In light of these findings, the team decides to adjust the management plan with a dual focus on stabilizing the patient's systemic status and preventing further neurological compromise. Blood pressure control is intensified using a titratable intravenous antihypertensive agent to reduce the risk of further hemorrhagic expansion while closely monitoring the patient's hemodynamic response. The anticoagulation strategy is re-evaluated; vitamin K and fresh frozen plasma are considered to reverse the elevated INR if surgical intervention becomes necessary. The evolving scenario highlights the critical need for precise clinical judgment and rapid adaptation of therapeutic strategies in response to the dynamic and interconnected challenges presented by this complex case.
Section 5
As the team implements the revised management plan, the patient's status continues to evolve, presenting new challenges that test the limits of clinical acumen. Despite aggressive blood pressure control, the patient exhibits signs of worsening neurological function. The neurologic exam reveals anisocoria, with the right pupil significantly larger than the left and sluggish to light, indicative of increased intracranial pressure and possible uncal herniation. The patient's Glasgow Coma Scale (GCS) score has decreased to 7, reflecting a decline in motor response and verbal output. Vital signs are concerning: blood pressure is 180/90 mmHg despite titration of antihypertensives, heart rate is tachycardic at 115 bpm, and respiratory rate is irregular at 10 breaths per minute, suggesting brainstem involvement.
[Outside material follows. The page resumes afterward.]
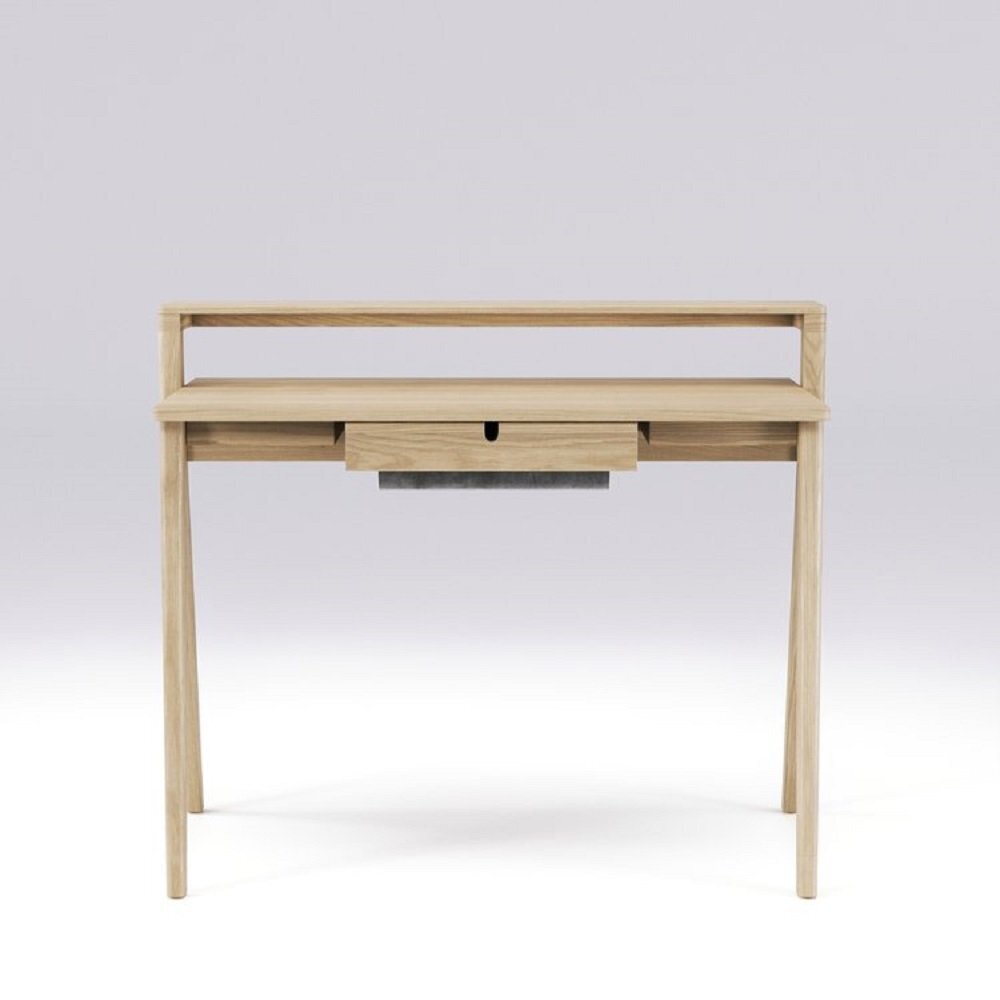 WeWood Secreta Desk - Oak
Lab results compound the complexity of the situation. The INR remains elevated at 2.5, complicating the potential for surgical intervention. Additionally, the patient's renal function continues to deteriorate, with creatinine levels rising to 3.2 mg/dL, indicative of acute kidney injury possibly exacerbated by contrast-induced nephropathy from recent imaging. Fluid balance is precarious; despite cautious diuresis, the patient remains edematous, with a positive fluid balance of 2 liters over the past 24 hours, raising the risk of exacerbating cerebral edema.
In response to these critical developments, the team must quickly reassess the intervention priorities. The neurosurgery team is contacted for an urgent re-evaluation of the need for decompressive craniectomy, while nephrology expedites the initiation of CRRT to manage fluid overload and support renal function. The potential reversal of anticoagulation is revisited, balancing the imminent surgical risk against the possibility of further embolic events. This juncture demands precise decision-making and swift coordination across specialties to stabilize the patient and prevent irreversible neurological damage. The next hours are critical, with the team's interventions holding the potential to alter the course of this complex case.